Last October, establishment eejits Jonathan Ross and Russell Brand left obscene messages on the actor Andrew Sach's answerphone, concerning his grand-daughter Georgina Baillie.
The BBC initially lied and said it had not received a complaint from Mr Sachs before some of the egregious material was replayed on Brand's show the next week. It then tried to smear its own constituency of licence-fee payers for not being quick off the mark about complaining, which probably reflected Brand's miniscule audience more than anything else; but when journalists, notably the Mail's Melanie Phillips, made the public aware of what had happened, complaints poured in until the broadcasting regulator Ofcom had over 40,000 of the things. The BBC then tried to snatch the Gordon Brown prize for speedily mustering the lifeboats on the ship you've just scuttled and demanded praise for suspending Ross for 3 months without pay (Brand having confirmed his reputation as a serial resigner).
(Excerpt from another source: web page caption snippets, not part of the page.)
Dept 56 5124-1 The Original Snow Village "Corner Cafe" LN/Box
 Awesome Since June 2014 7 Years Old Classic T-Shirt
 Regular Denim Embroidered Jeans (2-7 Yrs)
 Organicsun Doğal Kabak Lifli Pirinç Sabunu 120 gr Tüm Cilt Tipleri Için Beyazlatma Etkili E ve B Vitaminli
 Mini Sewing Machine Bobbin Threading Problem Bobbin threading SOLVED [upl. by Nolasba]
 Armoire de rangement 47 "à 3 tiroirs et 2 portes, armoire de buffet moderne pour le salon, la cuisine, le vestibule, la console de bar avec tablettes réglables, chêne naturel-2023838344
Ofcom released its report on the affair today, containing its decision - as the Telegraph's Digital and Media Correspondent Urmee Khan reports - to fine the BBC £150,000. Ross's suspension is key to understanding why the fine is, in Telegraph blogger Janet Daly's words, small change to the Corporation.
Jonathan Ross is famously on a £18,000,000 ($26,250,000) contract for three years with the BBC, so a three-month suspension without pay has saved the BBC £1,500,000. It is therefore disingenuous of Ofcom to state that it set the BBC's fine at a lower threshold in comparison to other public service broadcasters because "any fine would be taken from monies paid by the public (the licence fee payer)", as the fine leaves the BBC quids in to the tune of £1.35m of licence fee payers' money - and I suspect the Corporation will argue that it now has the moral authority to declare the matter closed.
But this declaration of fine principles on the part of Ofcom comes in page 34 of a 37-page document. Janet Daley's exposé of the obfuscation is crystal-clear:
Hacking your way through this management gibberish - this risible catalogue of compliance systems, compulsory Safeguarding Trust courses and proactive testing - you might long to see a reference to common sense, not to say common decency. Do professional broadcasters now have to attend training courses to be told that leaving obscene messages on the answering machine of an elderly man is not simply "inappropriate" but morally repugnant behaviour?It's good that the BBC has responded to 40,000+ complaints, but disappointing that it aired Jerry Springer: The Opera in the face of a third as many again protests. Conservative leader David Cameron has called for the BBC's licence fee to be frozen for a year in response to the recession. I hope this is a prologue to disestablishing the broadcaster, so that it can be as offensive as it wants without those of us presently indebted to it by statute having to pay for the privelege.